• [Problem to solve]:
Could you copy exactly the lines below, beginning at the line with "2026 New Fashionable" and stopping after the line with "Selegna Diatomite Stone", with no pictures?

• [Stored entries]:
• • • •

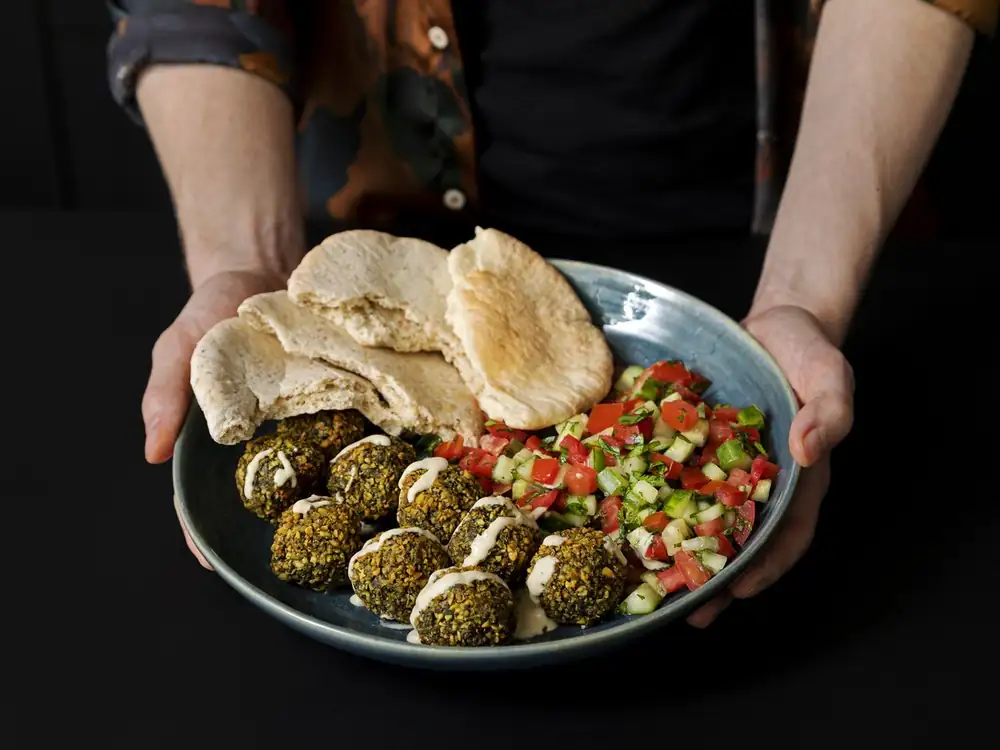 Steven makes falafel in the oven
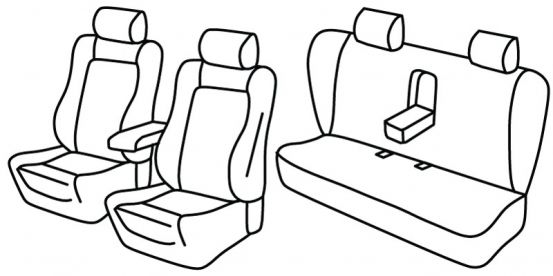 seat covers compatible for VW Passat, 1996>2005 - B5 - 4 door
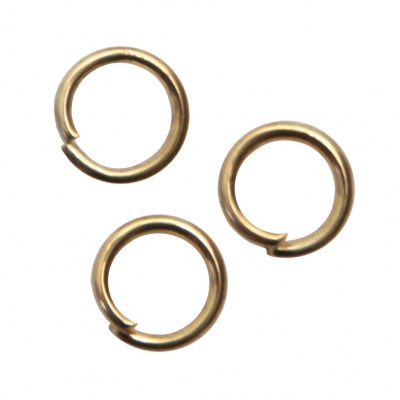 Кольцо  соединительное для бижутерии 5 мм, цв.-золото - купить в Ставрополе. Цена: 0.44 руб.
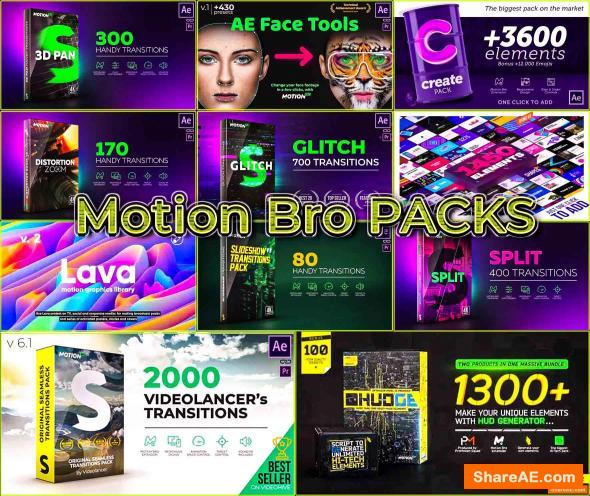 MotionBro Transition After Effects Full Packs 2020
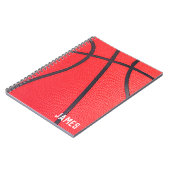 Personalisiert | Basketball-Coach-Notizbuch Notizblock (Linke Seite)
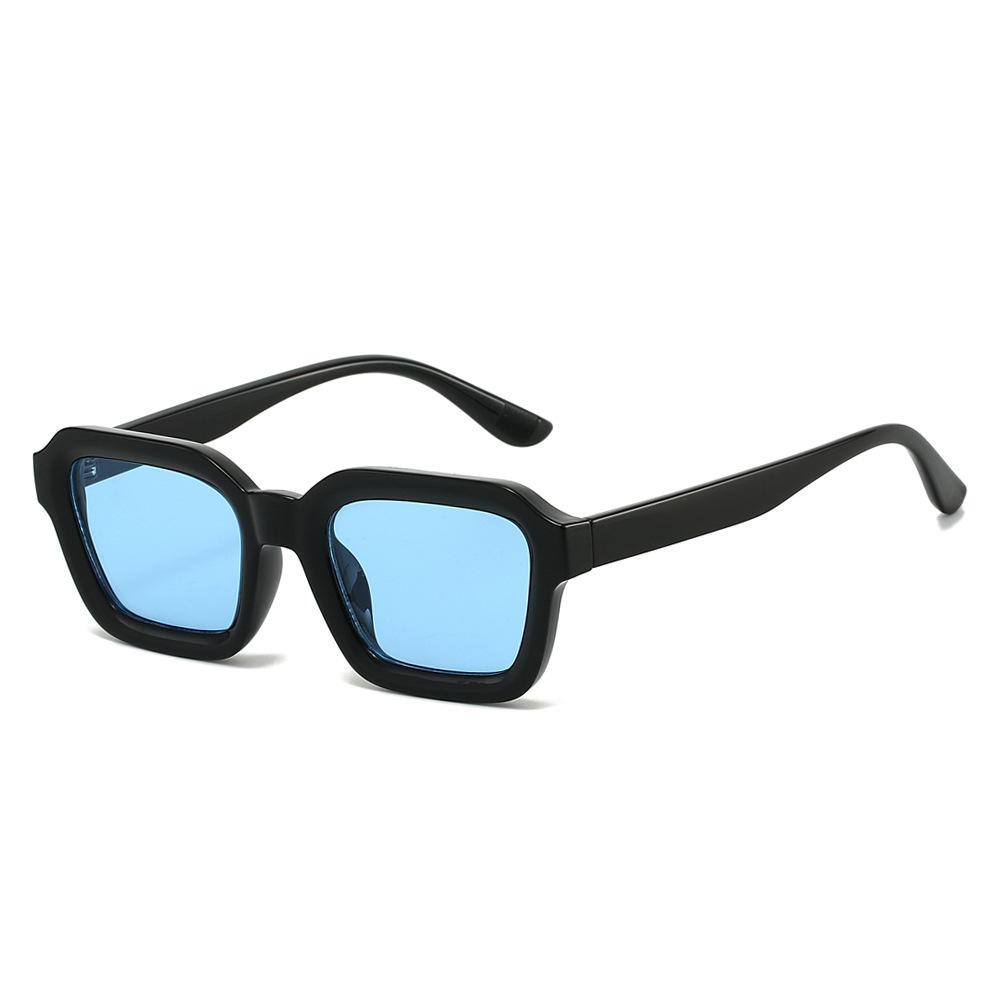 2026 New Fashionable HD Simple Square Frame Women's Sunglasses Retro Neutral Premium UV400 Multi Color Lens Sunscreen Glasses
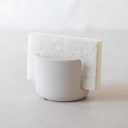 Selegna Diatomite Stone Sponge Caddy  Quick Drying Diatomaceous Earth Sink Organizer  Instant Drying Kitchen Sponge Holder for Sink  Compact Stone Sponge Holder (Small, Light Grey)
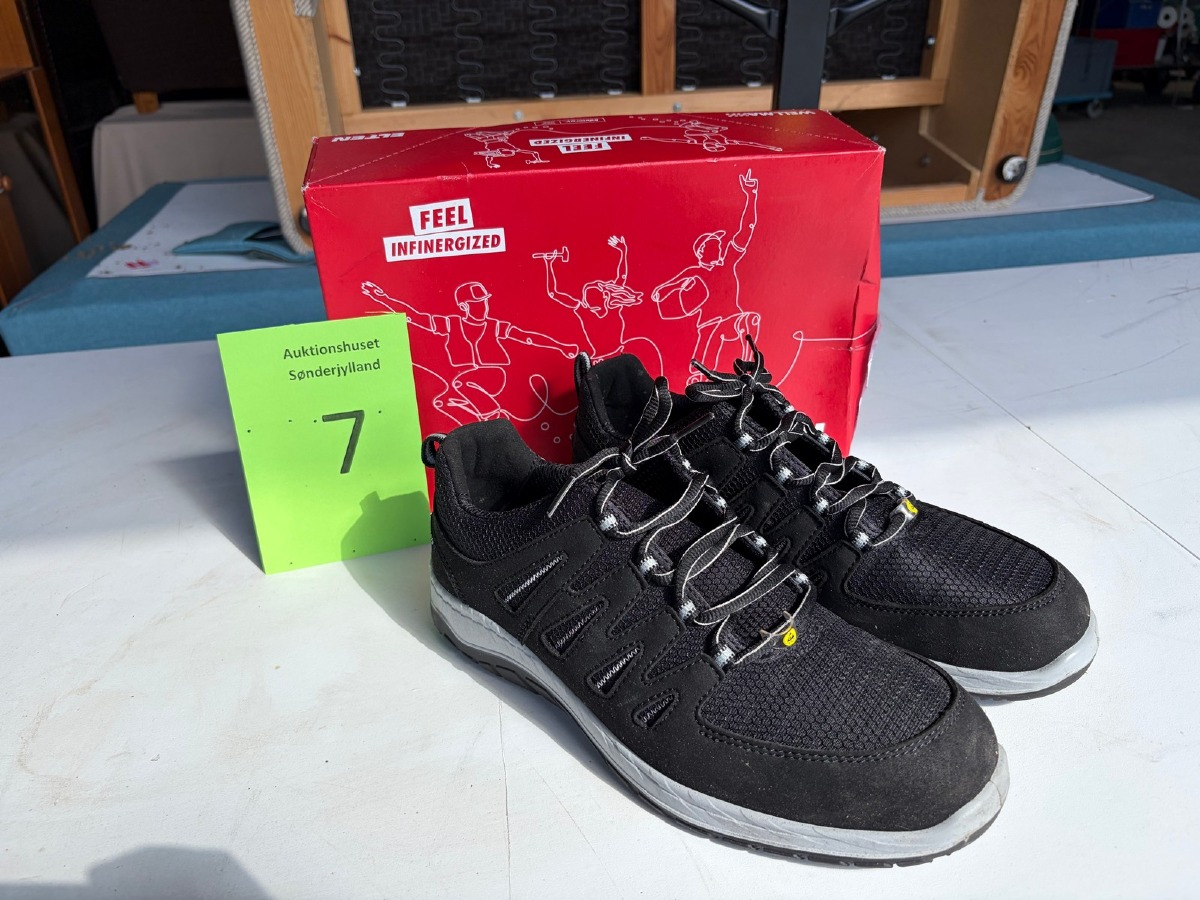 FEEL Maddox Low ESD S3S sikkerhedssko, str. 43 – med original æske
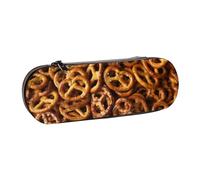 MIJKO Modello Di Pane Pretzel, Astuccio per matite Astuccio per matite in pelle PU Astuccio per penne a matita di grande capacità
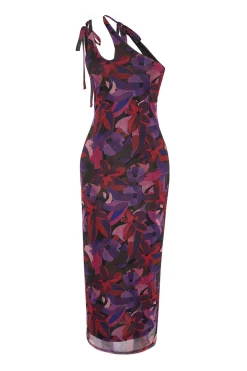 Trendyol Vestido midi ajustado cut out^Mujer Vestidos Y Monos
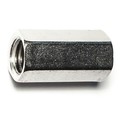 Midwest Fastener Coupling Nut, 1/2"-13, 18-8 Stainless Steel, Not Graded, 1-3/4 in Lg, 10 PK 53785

• • • •

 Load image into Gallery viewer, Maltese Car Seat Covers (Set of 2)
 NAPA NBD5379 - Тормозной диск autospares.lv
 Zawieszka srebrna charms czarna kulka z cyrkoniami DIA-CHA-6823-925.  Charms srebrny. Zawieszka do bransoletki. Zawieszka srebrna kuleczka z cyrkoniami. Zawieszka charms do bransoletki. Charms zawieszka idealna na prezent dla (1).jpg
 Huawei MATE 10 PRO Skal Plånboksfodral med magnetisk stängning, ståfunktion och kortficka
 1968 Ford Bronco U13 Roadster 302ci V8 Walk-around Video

• • • •

• [Your response]:
 2026 New Fashionable HD Simple Square Frame Women's Sunglasses Retro Neutral Premium UV400 Multi Color Lens Sunscreen Glasses
 Selegna Diatomite Stone Sponge Caddy  Quick Drying Diatomaceous Earth Sink Organizer  Instant Drying Kitchen Sponge Holder for Sink  Compact Stone Sponge Holder (Small, Light Grey)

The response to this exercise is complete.